Before being elected to the Papacy six months before the out­break of World War II in Europe, Cardi­nal Pacelli had lived twelve years in Bavaria, the birth­place of Adolf Hitler’s Nazi Party, serving as Apos­tolic Nuncio for all Ger­many. He was well aware of the Nazis’ anti-Semitic prac­tices and their extraor­di­nary pen­chant for bru­talizing their enemies. Reacting to wide­spread criti­cism of the Vati­can’s con­cor­dat with Hitler’s govern­ment in July 1933—an agreement that he, as then-Vatican State Secre­tary, had been instru­men­tal in drafting—the future pope pri­vately told the Brit­ish ambas­sador in Rome that the Catho­lic Church deplored the actions of the Ger­man govern­ment at home, their per­se­cution of Jews, their pro­ceeding against poli­ti­cal oppo­nents, and the reign of terror to which they subjected Ger­many and Austria. Between 1933 and 1939 Pacelli issued fifty-five protests of vio­lations of the Reichskonkordat.

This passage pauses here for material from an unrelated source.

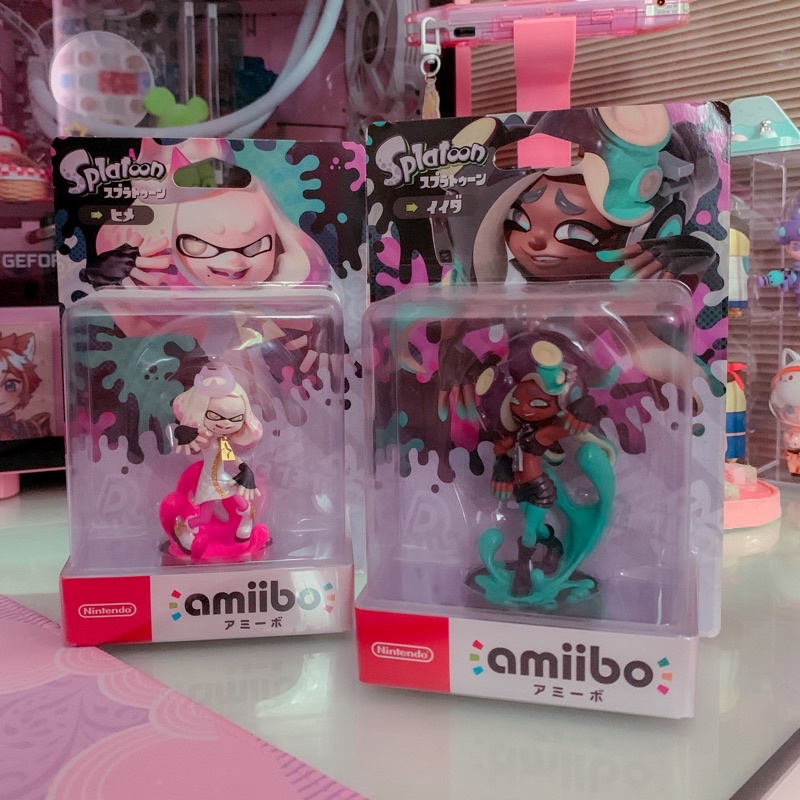 Authentic Splatoon 2 Pearl and Marina Amiibo by Nintendo Shopee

In his first encyclical letter as pope, issued a month and a half after the German inva­sion of Poland, he called for the restora­tion of that coun­try’s inde­pen­dence, denounced racism, and called for love, com­pas­sion, and cha­rity to pre­vail over war. For much of the war, Pius XII main­tained a public front of neu­tral­ity, indif­fer­ence, or silence while German atro­cities were com­mitted out­side Italy. Privately and occa­sion­ally publicly he inter­ceded to help Jews; for example, in July 1944 he pushed the Hunga­rian regent, Adm. Miklós Horthy, to cease his govern­ment’s depor­ta­tion of Jews to Nazi death camps. When the German SS (or Schutz­staffel, the elite mili­tary unit and special police force of the Nazi Party) began fer­reting out Jews from inside Italy in 1943 in places where the Wehr­macht (regular German armed forces) held sway, such as in Benito Mussolini’s so-called Republic of Salò in North­ern Italy, Pius XII directed the Catho­lic Church to make sub­stan­tial efforts to save Italian Jews. In the end, four-fifths of the Jewish pop­u­lation of Italy escaped slaughter—a remarkable record of moral courage.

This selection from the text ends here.